The Prize was first contested in 1860, with the winner receiving a gold medal and £250. Strictly speaking, the "Queen's Prize" refers to the £250 cash prize, which was originally the personal gift of Queen Victoria. As of 2022, the Prize has been contested 153 times, breaking only for the World Wars. Although contested on an open basis, it has only been won three times by women (in 1930, 2000 and 2022). Five people have won it three times.

Course of Fire

As of 2022, the Prize is contested in three stages. Standard NRA targets are used, with scoring rings offering a maximum score of five points, plus a "v-bull" within the 5-ring (used for tie-breaking). Since the move to the National Shooting Centre at Bisley, the first and second stages have been contested on the 600yard range Century Range, whilst the final is contested on Stickledown Range (which can support shooting up to 1200yards).

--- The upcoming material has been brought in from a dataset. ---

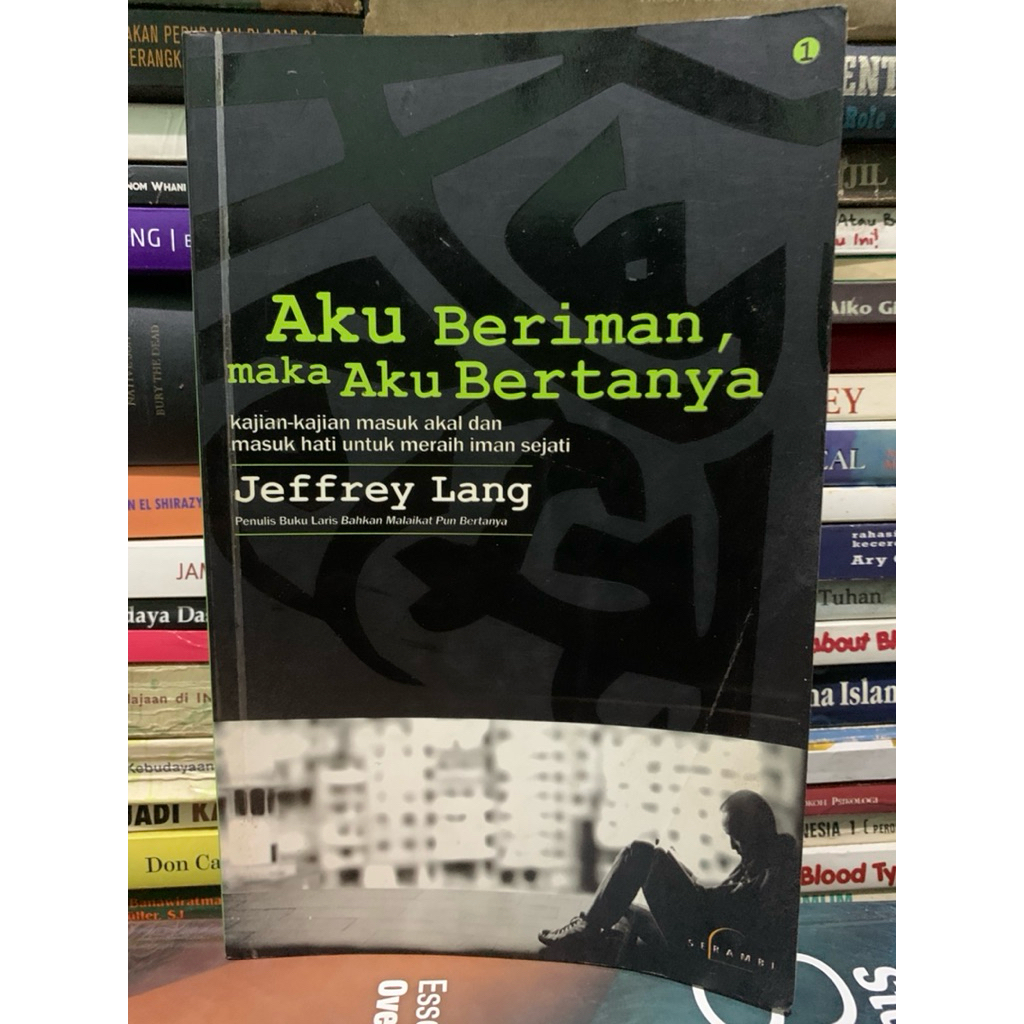 Aku beriman maka aku bertanya by Jeffrey lang ASLI ORIGINAL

Stages II and III are sometimes known as a "Queen's Prize" match. A "Queen's Prize" is used as the standard course of fire for fullbore rifle matches at the Commonwealth Games, although all competitors shoot all distances without elimination.

Queen's I 
Stage one is an open elimination round consisting of three "2+7" matches (2 sighters with 7 shots to count) at 300, 500 and 600yards. This gives a highest possible score of 105 with 21 V-bulls (rendered as 105.21v).

The top three hundred competitors progress to the second stage, which typically includes scores of ~101 or better.

Queen's II 
Stage two consists of 2+10 matches at the same distances as the first stage. Qualification is on a "start from zero" basis, meaning that scores from the first stage are not carried forward and top qualifiers have no advantage over those with poorer scores in the first stage. The highest possible score is 150 with 30 v-bulls (150.30v).

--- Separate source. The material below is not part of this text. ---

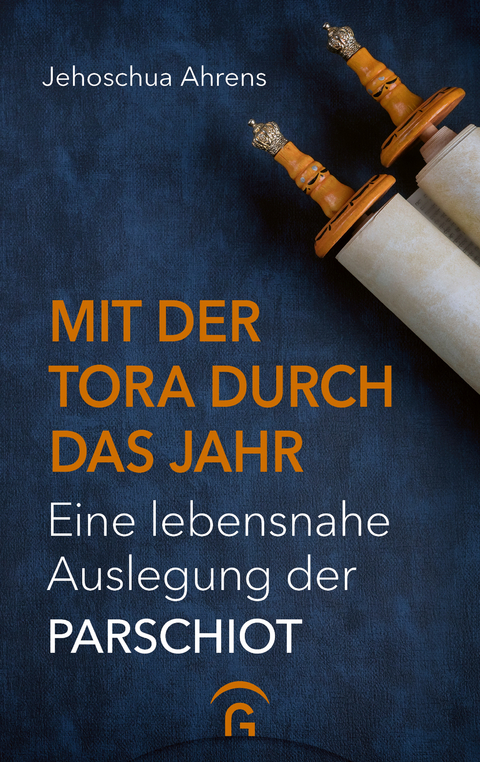 Mit der Tora durch das Jahr - Jehoschua Ahrens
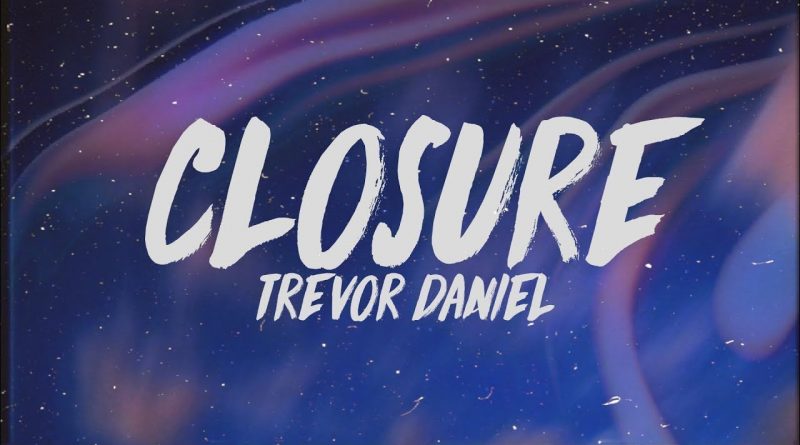 Trevor Daniel - Closure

The top one hundred competitors progress to the third and final stage. The "Queen's Hundred" each receive an NRA '100' Badge. The top scorer in the second stage is awarded an NRA Silver Medal for winning the "short range" portion of the competition, regardless of how they perform in the final.

Queen's III (Queen's Final) 
Stage three moves to longer distances, consisting of 2+15 matches at 900 and 1000yards. Scores are carried forward from the second stage, giving a highest possible score of 300.60v. Winning scores better than 298 are common, indicating the shooter has only dropped one or two shots across five distances and sixty shots.

The winner receives a gold medal and £250, with the runners up receiving silver and bronze badges respectively. The winner is then "chaired" off the range on an open sedan chair borne by other competitors. By tradition they are carried to the NRA offices to receive their prize, followed by a tour of the clubhouses on camp.

Winners
Notable winners include the three female winners – Marjorie Foster (1930); JF Hossack (2000) and Alice Good (2022). A road on Bisley Camp is named Majorie Foster Way.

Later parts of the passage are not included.